Yoga has become essential to my sense of calm, though I have to breathe deeply when someone’s cell phone goes off during savasana, or when someone puts their mat too close to mine and invades my personal space. Sometimes I think that maybe I should become a hermit for a few years until this madness passes. The world would be a safer place. 

  
Sleeping is a challenge- when I can sleep. I go to bed freezing, and wake up throughout the night alternately roasting, freezing, roasting…Poor Dan and the dogs. Sophie, who acts as my canine hot water bottle, has become accustomed to having my half of the comforter thrown on her and then ripped off later all through the night. She accepts me no matter what- and when she doesn’t, she just goes to lay on Dan’s feet. 
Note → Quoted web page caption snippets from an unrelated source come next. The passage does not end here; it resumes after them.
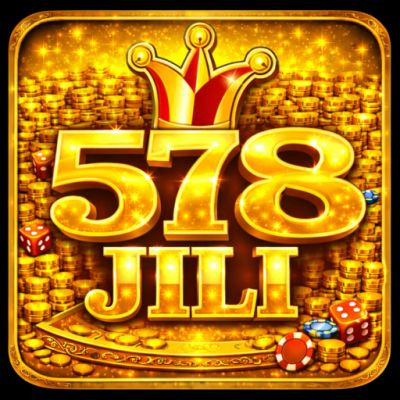 zf578jili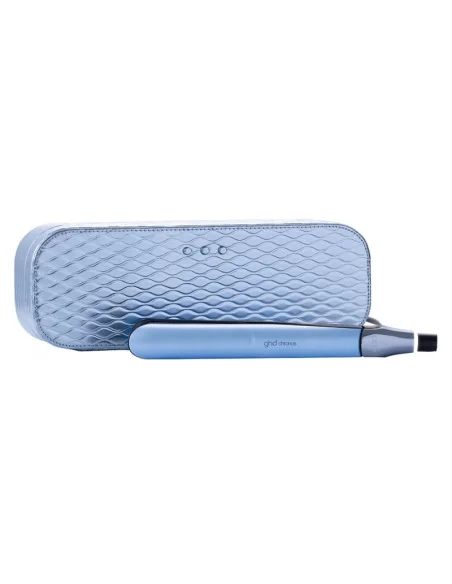GHD Gold Professional Styler Iced Luxe Collection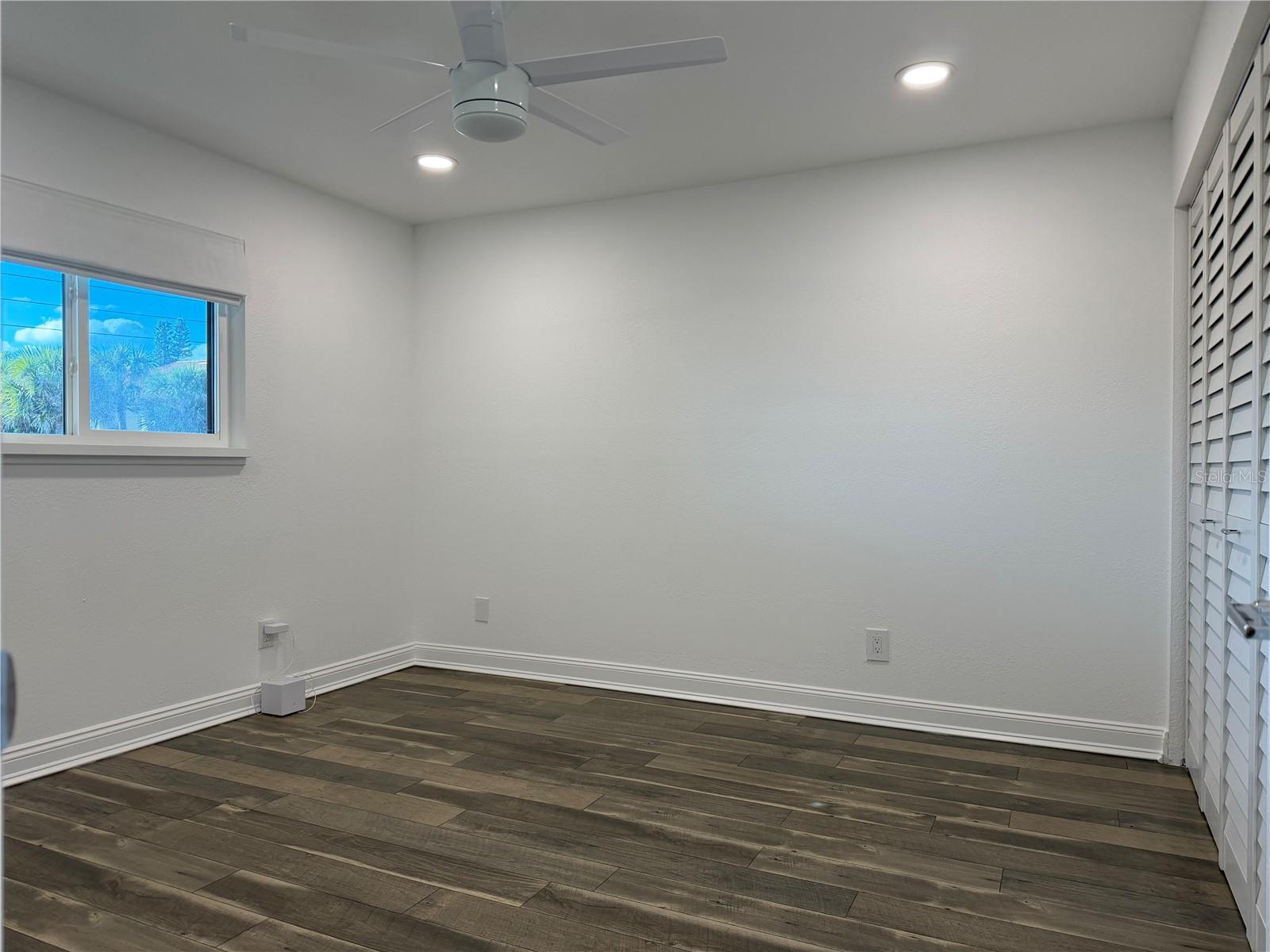 INDIALANTIC BY THE SEA - Residential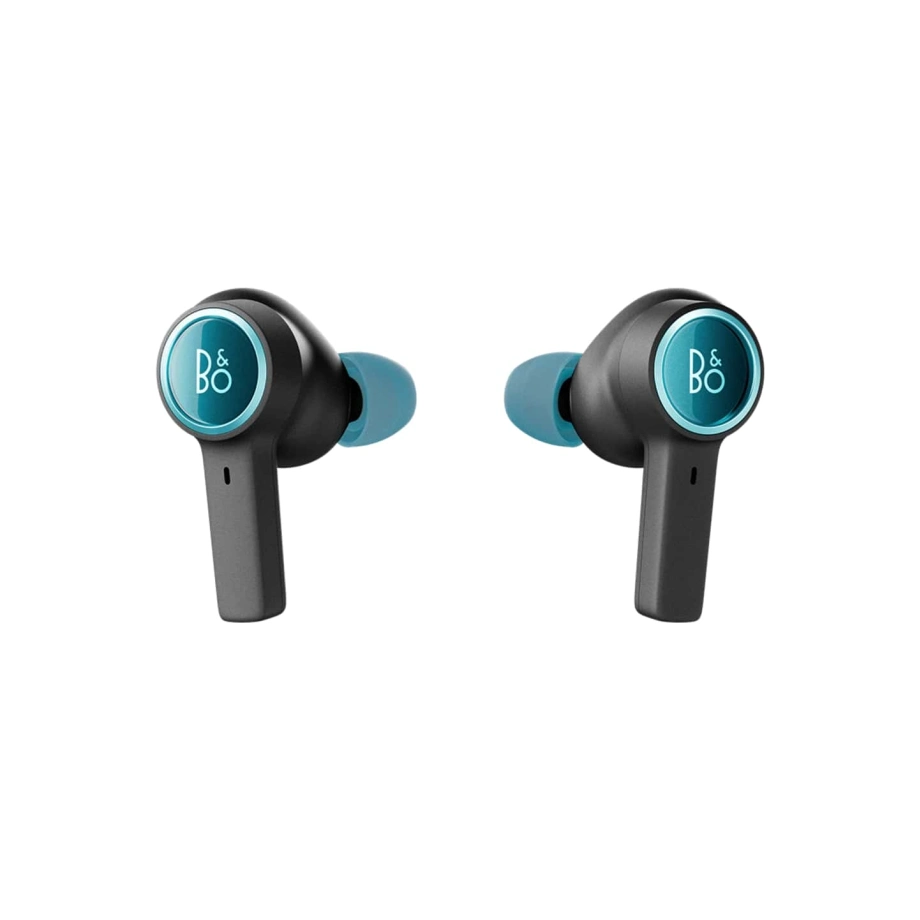 Купить наушники для аудиофилов Bang & Olufsen Beoplay EX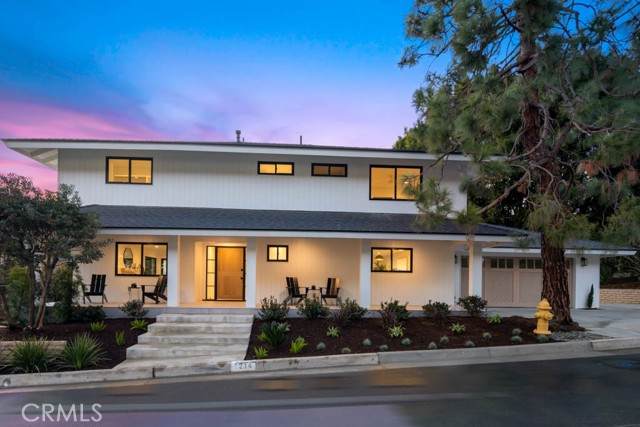 1214 Avenida Buena Suerte - Photo 1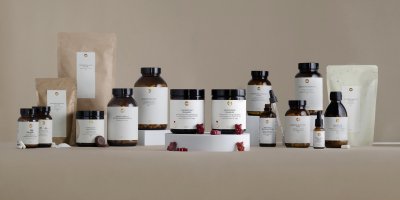 Preisvergleich Vitamin B12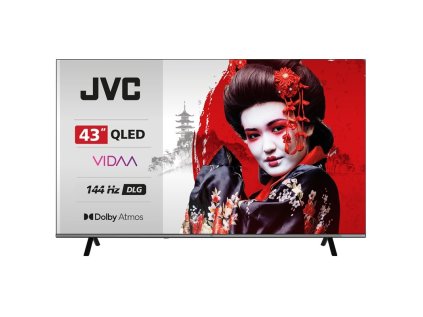 43 jvc lt 43vdq9435 ien569620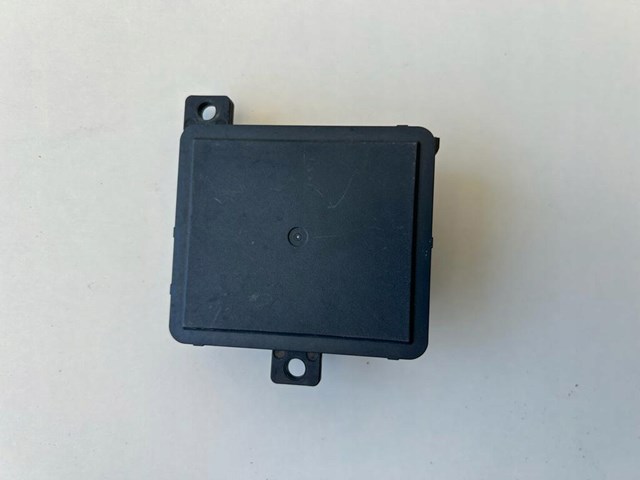 Comprar 5WA907572 VAG 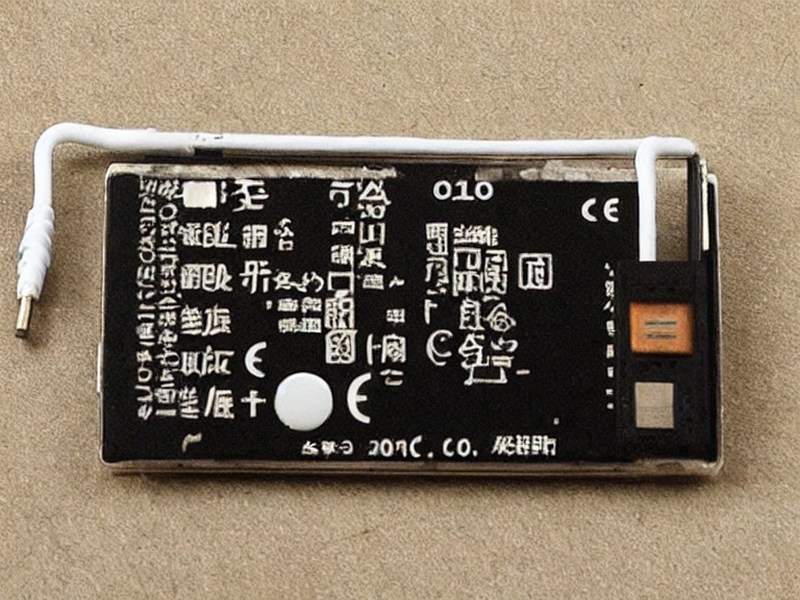 TVS保护资源产品资料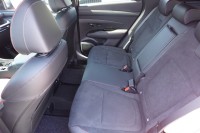 Hyundai Tucson 1.6T-GDI MHEV N-Line Aut.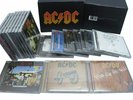 SET BOX AC/DC SPECIAL ITEM FOR CHISTOPHEB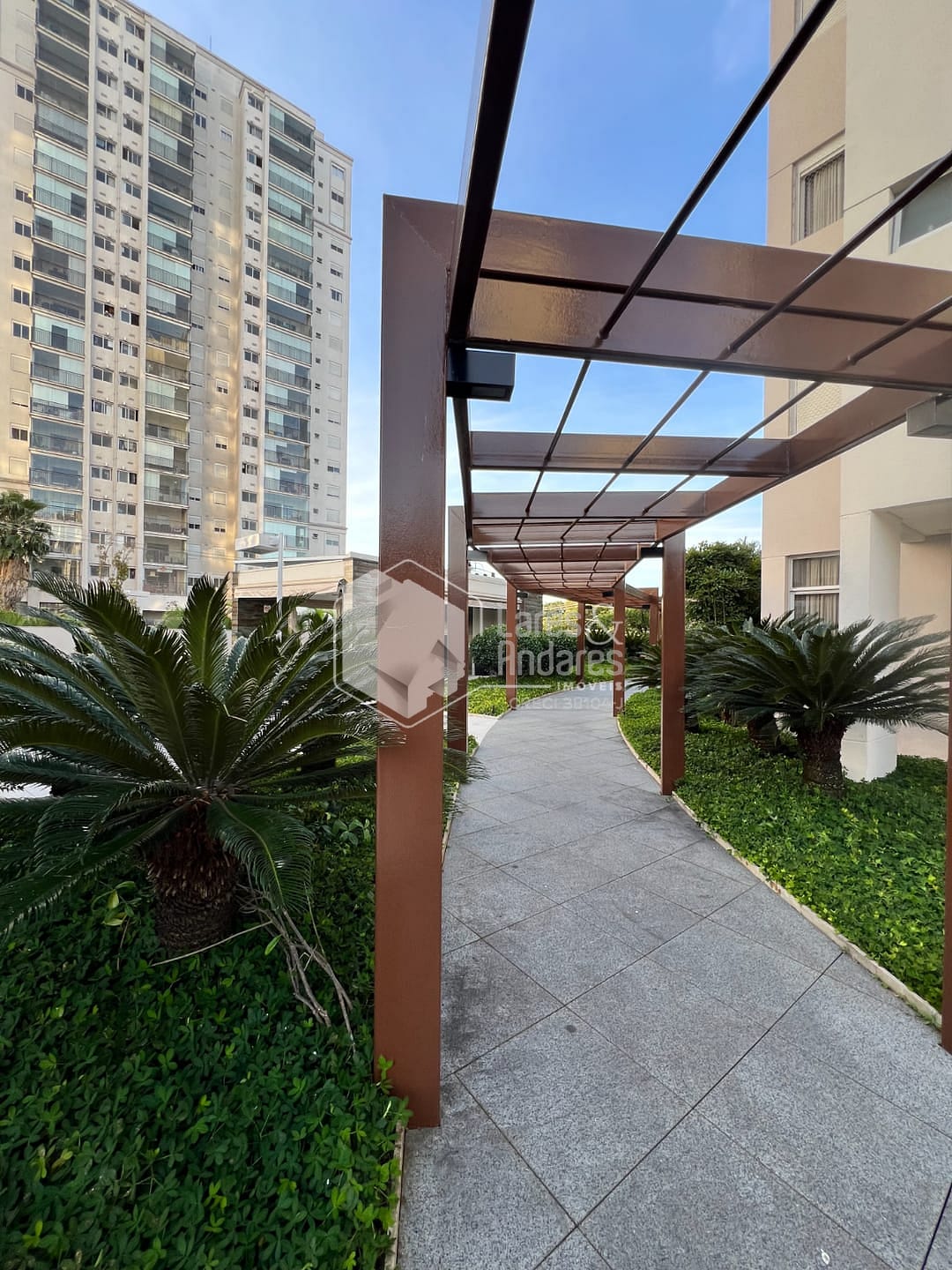 Apartamento, 2 quartos, 70 m² - Foto 52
This time of my life isn’t all bad, though, because I’ve learned other lessons, too. I have learned to laugh at myself and not take things so seriously. I’ve learned to become more comfortable in my skin, wrinkled or not. I’ve learned what is really important to me, and it has nothing to do with age, but everything to do with love, with family, with enjoying whatever time I have left on this planet. That helping others and doing your best to be a good human means so much more than what clothes you wear or how fancy your house is.  I love the quote by Ralph Waldo Emerson, 

When you were born you were crying and everyone else was smiling. Live your life so at the end, your’re the one who is smiling and everyone else is crying.

The only change I’d make? I hope that everyone else is smiling and laughing, too. And I hope it’s because I made them laugh on my deathbed because of something goofy I said or did. What an exit that would be! Crossing my fingers.